When asked about how he felt having to pitch in Citizens Bank Park, Straily said he was excited to do so. Citizens Bank Park, the home of the Phillies, is a notorious bam-box. Ranking eighth in park factor, when I think of Citizens Bank Park, I can think of many a home run hit. Basic intuition tells us that in a ballpark as hitter-friendly as Citizens Bank, a pitcher should be less than eager to take the mound. Needless to say, I was initially confounded.
Nevertheless, Straily justified his assertion by explaining that in a ballpark like Citizens Bank, pitchers can get the edge by making batters chase pitching outside of the zone. In so many words, Straily proffered that while a batter in an unfriendly ballpark is more apprehensive at the dish, when a hitter steps into the box at Citizens Bank Park, his eyes get wide as he knows the park has a reputation for letting the ball fly. As a result, a batter may be more prone to chase pitches off of the plate in bouts of over-aggression.
It’s a definitely a head-scratcher, but it doesn’t not make sense. Here’s a story.
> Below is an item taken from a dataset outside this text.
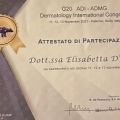 Ingrandire l'immagine: certificate 1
In Broward County from 2005 to 2008, slow pitch softball for middle school boys was offered as an interscholastic sport. As a lifelong baseball player, I tried out for the Glades Middle softball team, and made the squad in seventh grade. One day, we had a game against a rival middle school, Falcon Cove. After school, we boarded the bus and arrived at Falcon Cove’s feeder high school, Cypress Bay, where we would play on the Cypress Bay women’s softball team’s field. As the bus pulled up, everyone on the bus got wide-eyed as we discovered the dimensions of the field — 200-foot fences.
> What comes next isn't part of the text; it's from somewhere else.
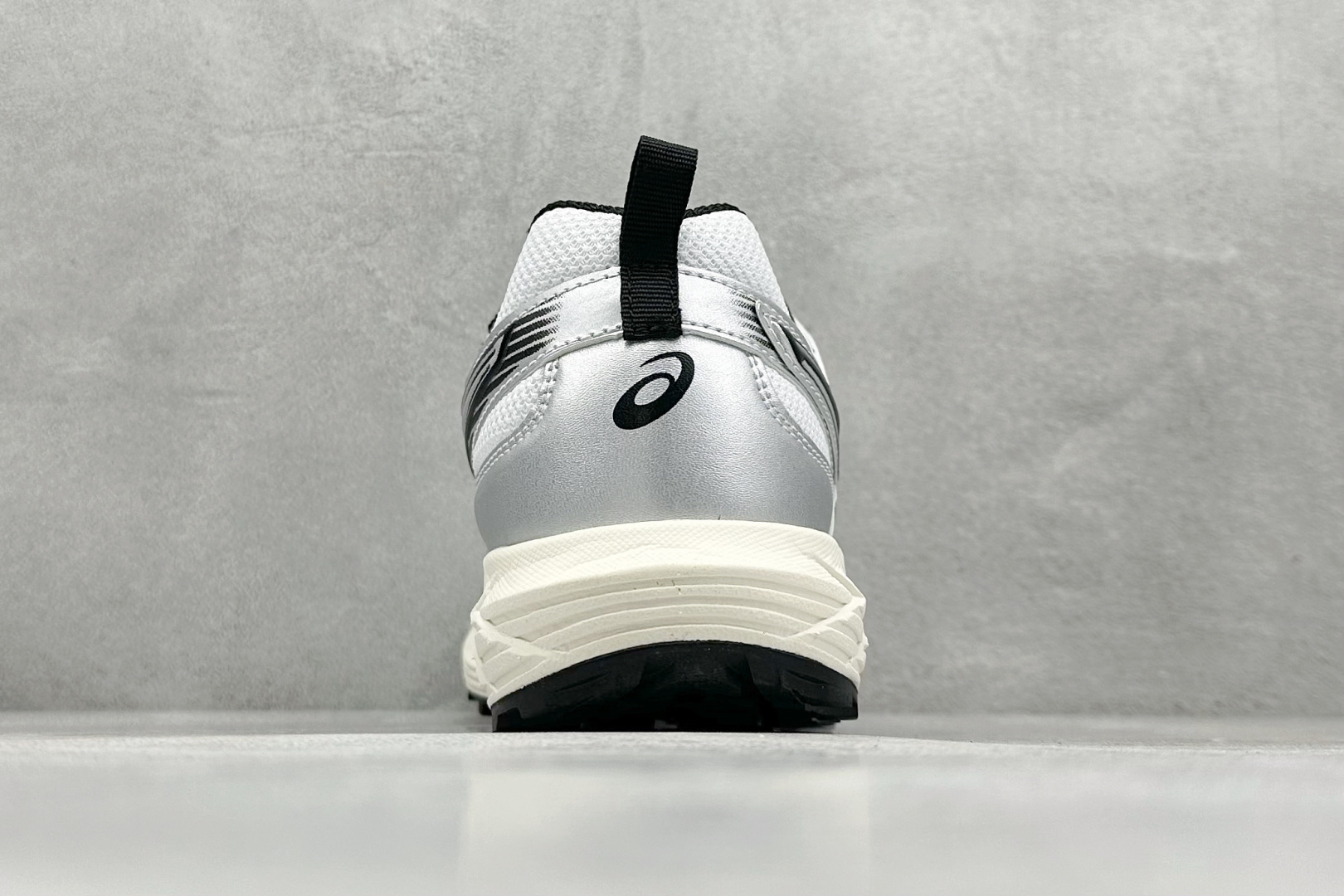 图片[6]-Asics GEL-SONOMA FE 休闲透气运动鞋 货号：1011B999-020 尺码：36-45-选品中心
Seldom the pre-pubescent teenager has the body strength to hit the ball 300-plus feet over the fence at most baseball fields. However, given the size of the softball field, this was as good a chance as ever for all of us to take our first home run trots.
Still, my expectations weren’t very high. Having been of smaller statute my entire life, I doubted my chances of powering one over the fence. I planned on coming out and focusing on hitting line drives, just as I always did. As the lineup progressed, I watched almost all of our batters step up to the dish and take over-aggressive, mammoth hacks in an attempt to knock a dinger. Many popped up to the outfield or topped dribblers to the infield.
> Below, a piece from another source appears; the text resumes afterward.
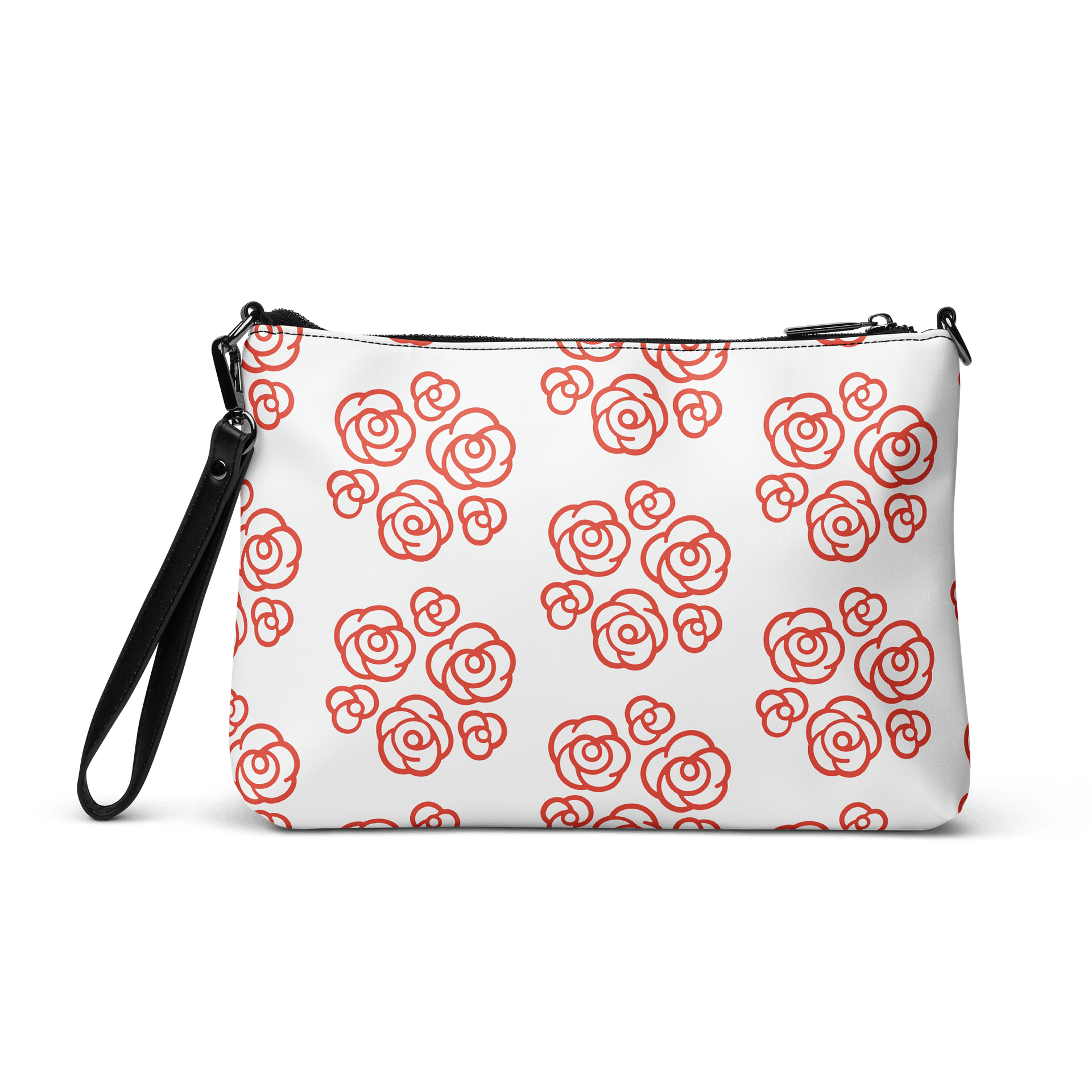 cross body product image (3)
Then I stepped up to the dish; as I watched the big yellow softball tumble in through the zone, I threw my hands at the ball — although I got under it for the most part, the ball snuck over the left field fence. That was my first and last over-the-wall home run.
This story isn’t just to tell you about my first home run. That’s just an extra gift. The moral of the story is that there may be something to Dan Straily’s theory. Although the plate discipline of middle school softball players can hardly be compared to that of Major League Baseball players, the story speaks to our carnal, most basic and essential human desires to hit dingers. Theoretically, if the opportunity is there, then baseball players are going to go for it. And if baseball players are going to go for it, Straily is going to take advantage of it.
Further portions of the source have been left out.